The power of this Revelation isn’t just about showing me that my deepest desires can actually come true, that Mom can be mine as I wish. No, this breathtaking fulfillment of my unspoken dreams infuses me with expectations of other miracles. Maybe I can escape my father too.

After discovering my personal connection to the magical side of the universe I begin to hope my father Adam will just go away.

Before Cairo, when I am about four, someone in New Mexico anonymously tries to shoot him through the sliding glass door leading to the backyard, leaving a bullet hole in a painting. The bullet misses his head, but just by inches. Magic. He might even be taken away. We never know who shoots at him. I have a vague memory of being told it has something to do with the C.I.A. but I don't think he is important enough for that. Not everything is a cloak and dagger story. Not everything is epic. I would love it if it is just that Adam is sleeping with someone else's wife and the guy gets drunk and comes after him, but that isn't the kind of life we live. Motives are never that clear.

He is a near-victim of a bullet in New Mexico several years before the universe drops the ownership of my mother into my lap. I vow the magic will work again. Once I am free of him I will work on my next secret wish - to become a fairy princess. But that's another story.

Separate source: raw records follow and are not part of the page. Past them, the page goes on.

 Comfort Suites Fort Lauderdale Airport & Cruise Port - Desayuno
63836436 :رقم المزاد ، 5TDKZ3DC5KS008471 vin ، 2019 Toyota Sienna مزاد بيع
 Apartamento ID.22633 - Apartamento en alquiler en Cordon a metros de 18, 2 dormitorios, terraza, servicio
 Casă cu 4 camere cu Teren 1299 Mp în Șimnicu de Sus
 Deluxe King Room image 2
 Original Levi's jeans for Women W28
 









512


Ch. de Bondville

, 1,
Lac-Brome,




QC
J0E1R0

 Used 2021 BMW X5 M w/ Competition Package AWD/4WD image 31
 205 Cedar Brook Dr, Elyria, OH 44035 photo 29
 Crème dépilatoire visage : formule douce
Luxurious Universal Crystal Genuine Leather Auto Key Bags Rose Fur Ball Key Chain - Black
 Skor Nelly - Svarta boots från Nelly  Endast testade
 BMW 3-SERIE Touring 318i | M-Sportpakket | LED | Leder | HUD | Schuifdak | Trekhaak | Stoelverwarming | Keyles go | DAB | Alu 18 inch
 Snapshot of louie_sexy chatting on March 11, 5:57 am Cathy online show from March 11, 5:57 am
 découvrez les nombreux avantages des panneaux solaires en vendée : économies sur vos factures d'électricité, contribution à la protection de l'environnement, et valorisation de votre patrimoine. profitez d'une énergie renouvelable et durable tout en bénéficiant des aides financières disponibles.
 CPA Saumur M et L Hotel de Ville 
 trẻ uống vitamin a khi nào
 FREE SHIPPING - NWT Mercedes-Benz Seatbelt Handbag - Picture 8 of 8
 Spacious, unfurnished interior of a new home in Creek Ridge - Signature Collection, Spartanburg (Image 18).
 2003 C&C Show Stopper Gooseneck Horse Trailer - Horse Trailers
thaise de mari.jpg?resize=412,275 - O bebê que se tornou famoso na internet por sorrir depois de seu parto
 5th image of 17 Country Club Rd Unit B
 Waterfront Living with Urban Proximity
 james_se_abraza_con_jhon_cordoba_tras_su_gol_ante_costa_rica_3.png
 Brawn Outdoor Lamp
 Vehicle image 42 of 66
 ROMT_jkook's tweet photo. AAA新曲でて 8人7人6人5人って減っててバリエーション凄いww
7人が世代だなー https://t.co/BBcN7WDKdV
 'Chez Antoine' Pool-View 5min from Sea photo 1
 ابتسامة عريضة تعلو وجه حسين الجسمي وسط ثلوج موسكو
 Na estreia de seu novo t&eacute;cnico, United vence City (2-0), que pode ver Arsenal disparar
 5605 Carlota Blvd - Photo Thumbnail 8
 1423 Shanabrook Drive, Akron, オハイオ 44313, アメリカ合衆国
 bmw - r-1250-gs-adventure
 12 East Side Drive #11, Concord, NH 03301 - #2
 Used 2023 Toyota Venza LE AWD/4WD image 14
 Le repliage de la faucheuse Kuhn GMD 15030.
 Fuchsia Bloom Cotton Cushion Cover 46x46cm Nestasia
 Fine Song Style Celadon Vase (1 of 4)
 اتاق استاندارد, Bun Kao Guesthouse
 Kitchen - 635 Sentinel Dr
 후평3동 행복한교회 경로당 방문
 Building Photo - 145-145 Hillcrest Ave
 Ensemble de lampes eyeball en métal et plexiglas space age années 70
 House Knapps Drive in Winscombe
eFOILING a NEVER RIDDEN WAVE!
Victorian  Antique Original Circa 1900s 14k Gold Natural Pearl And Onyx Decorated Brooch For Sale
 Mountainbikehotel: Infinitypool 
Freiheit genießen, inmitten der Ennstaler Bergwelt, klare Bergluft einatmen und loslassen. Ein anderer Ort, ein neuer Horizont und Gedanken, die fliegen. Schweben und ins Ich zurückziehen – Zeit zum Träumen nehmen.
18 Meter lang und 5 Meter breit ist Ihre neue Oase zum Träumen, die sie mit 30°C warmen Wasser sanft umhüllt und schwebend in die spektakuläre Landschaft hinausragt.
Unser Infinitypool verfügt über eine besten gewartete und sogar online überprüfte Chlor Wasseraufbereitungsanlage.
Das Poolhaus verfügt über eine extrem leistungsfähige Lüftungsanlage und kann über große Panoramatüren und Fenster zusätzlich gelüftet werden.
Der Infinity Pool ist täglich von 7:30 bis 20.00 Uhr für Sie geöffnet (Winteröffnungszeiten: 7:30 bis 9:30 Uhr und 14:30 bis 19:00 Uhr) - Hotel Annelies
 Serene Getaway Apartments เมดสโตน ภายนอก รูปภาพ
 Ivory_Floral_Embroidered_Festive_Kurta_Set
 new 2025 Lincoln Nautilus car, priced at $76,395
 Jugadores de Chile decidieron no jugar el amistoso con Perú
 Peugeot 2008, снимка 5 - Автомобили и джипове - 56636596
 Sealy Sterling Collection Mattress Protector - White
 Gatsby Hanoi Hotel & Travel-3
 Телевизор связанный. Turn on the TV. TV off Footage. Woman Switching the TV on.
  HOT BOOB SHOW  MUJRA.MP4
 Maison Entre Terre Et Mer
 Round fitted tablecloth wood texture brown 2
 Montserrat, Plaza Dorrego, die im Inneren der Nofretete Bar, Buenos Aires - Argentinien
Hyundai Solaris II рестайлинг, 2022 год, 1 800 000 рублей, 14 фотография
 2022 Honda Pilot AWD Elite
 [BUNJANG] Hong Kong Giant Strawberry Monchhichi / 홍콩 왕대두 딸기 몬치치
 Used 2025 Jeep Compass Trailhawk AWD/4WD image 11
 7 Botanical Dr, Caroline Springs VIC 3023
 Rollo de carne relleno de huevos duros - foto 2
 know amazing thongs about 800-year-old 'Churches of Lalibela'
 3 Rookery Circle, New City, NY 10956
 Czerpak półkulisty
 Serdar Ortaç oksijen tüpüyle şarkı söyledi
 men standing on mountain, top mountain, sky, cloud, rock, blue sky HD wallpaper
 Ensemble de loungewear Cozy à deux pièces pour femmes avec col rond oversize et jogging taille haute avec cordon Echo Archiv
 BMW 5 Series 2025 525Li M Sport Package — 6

Wednesday, January 25, 2006

The Naked Dad Problem

Part of my father Adam's superhuman shock value and power comes from the fact that we believe he can do anything. Later, after Egypt, after a million other places, a friend of his in South Africa calls, crying, saying her ex has taken their child. All she knows is that they are supposedly somewhere in the Alps. She doesn't know what country. My father gets on a plane to Europe and finds that kid in two days. The irony of his returning a child taken from its mother does not occur to him. There is no superhuman to rescue me, to return me to my mother when Adam takes me at the age of five. I don't want anything the next six years with him brings - not the world travels, not the upheaval, not the violence. A razor blade goes missing once. My brothers and I are lined up as one-by-one we are asked whether we are responsible. Dad slugs us in the face, going down the row, until one of us confesses. I forget which it is, but I don't think I'm the one.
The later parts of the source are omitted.